__Task item__: The answer is the line with "Vitorino De Nemesio" and every line after it to the end of the listing, retyped exactly. Pictures do not belong in it.

__Information shown__:

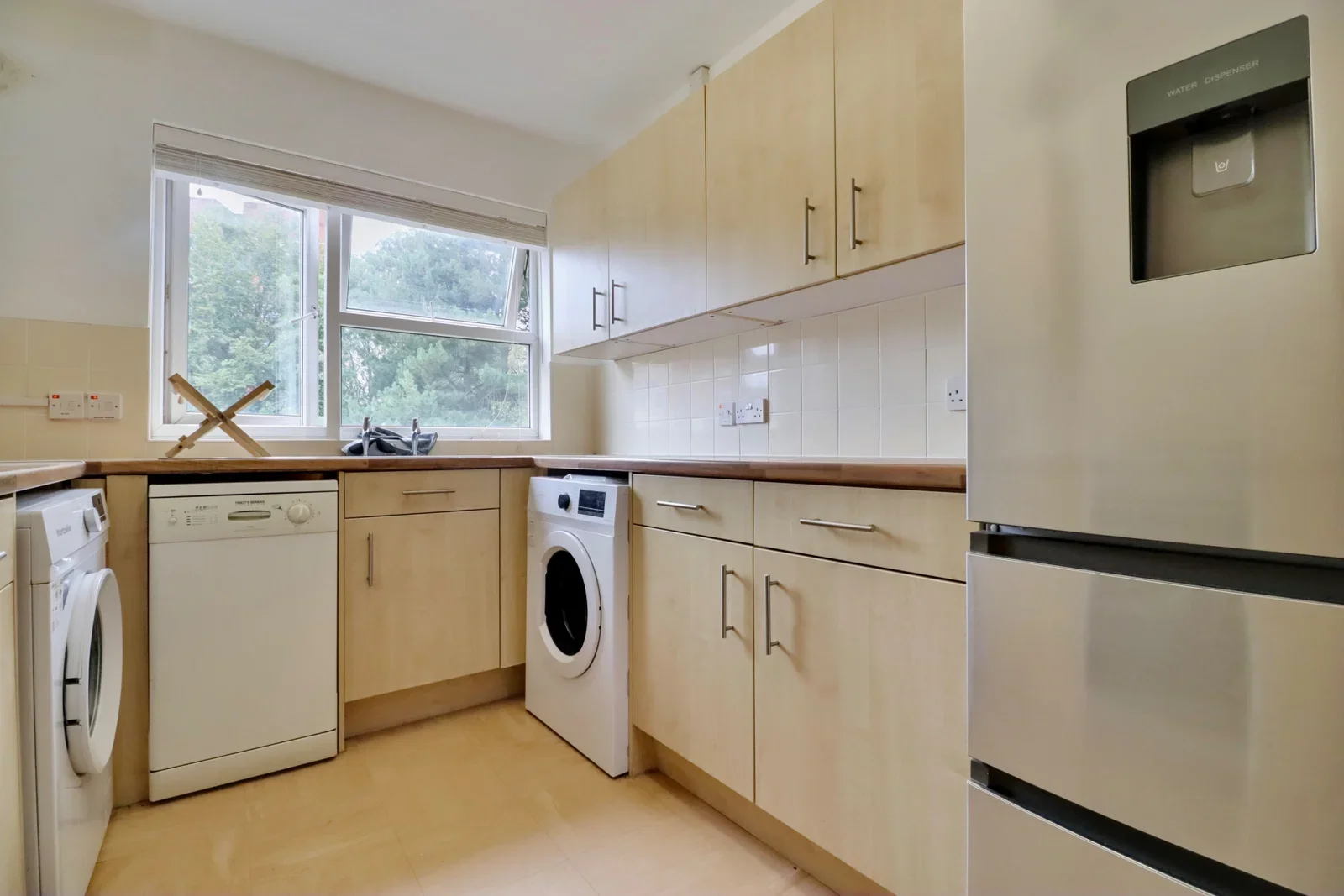 Flat Hobs Road in Lichfield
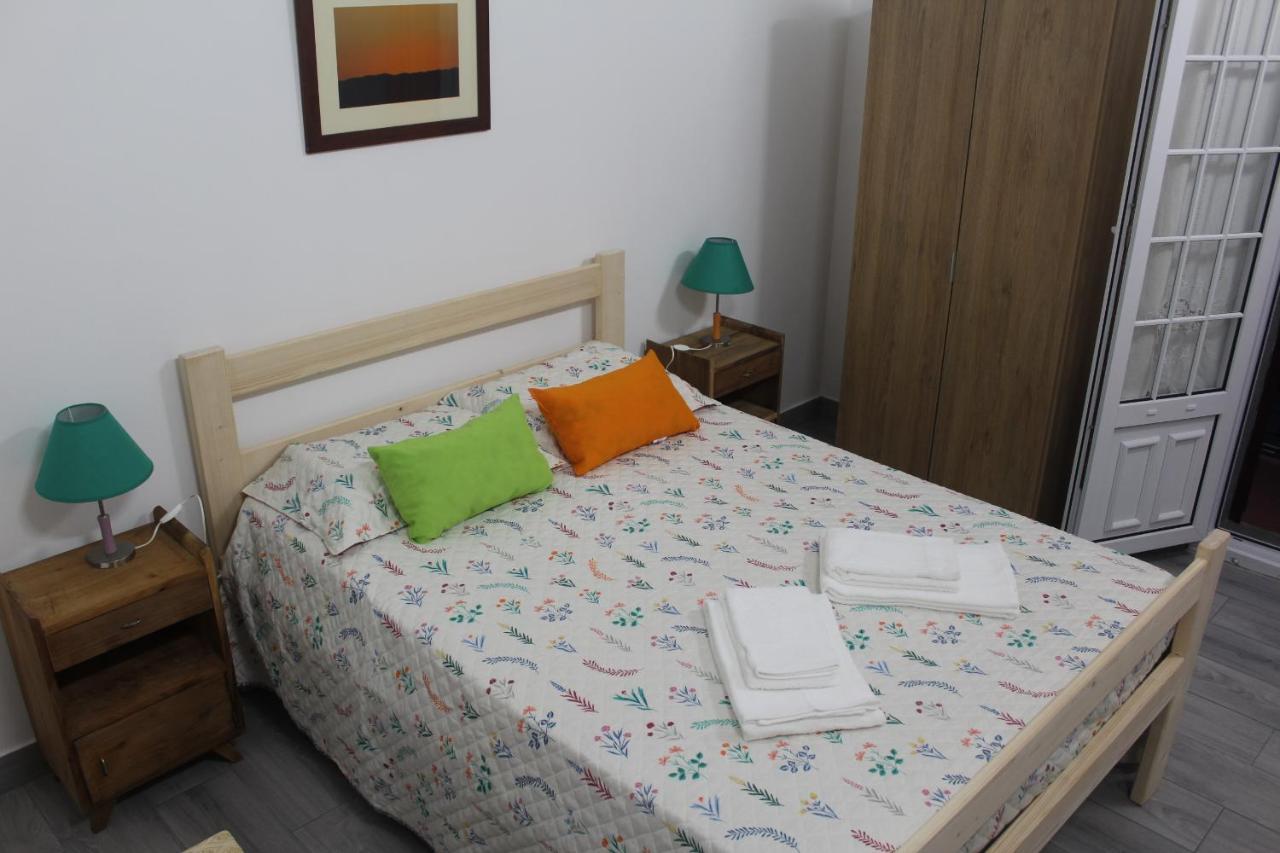 Vitorino De Nemesio Guesthouse Ponta Delgada Eksteriør billede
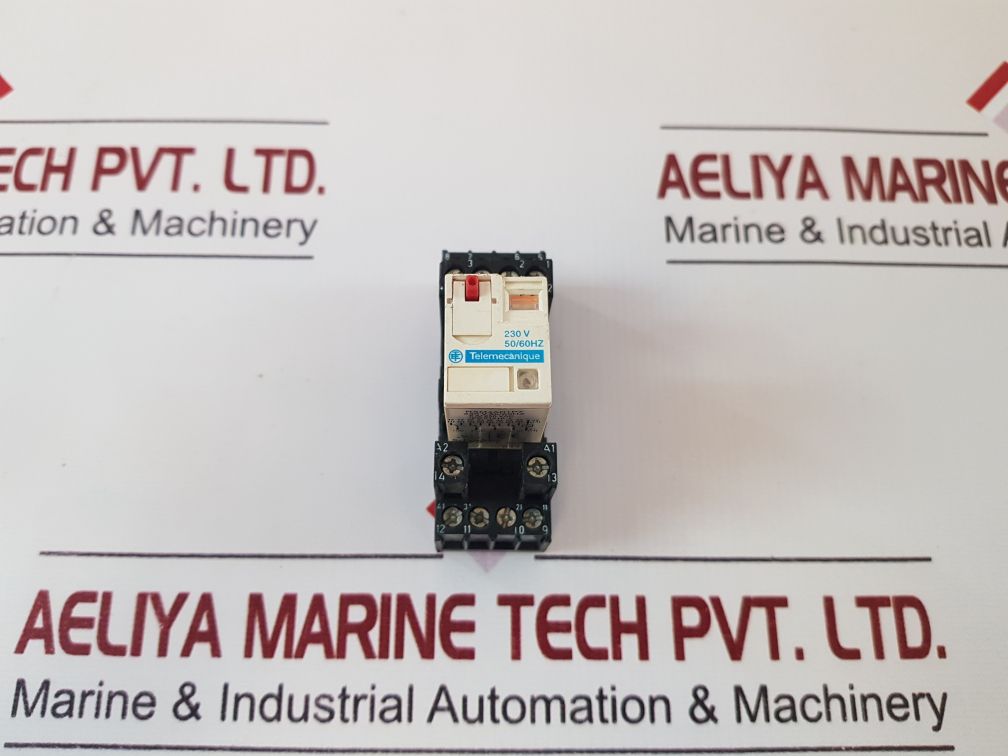 TELEMECANIQUE SCHNEIDER RXM4AB1P7 RELAY WITH BASE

__Answer__:
 Vitorino De Nemesio Guesthouse Ponta Delgada Eksteriør billede
 TELEMECANIQUE SCHNEIDER RXM4AB1P7 RELAY WITH BASE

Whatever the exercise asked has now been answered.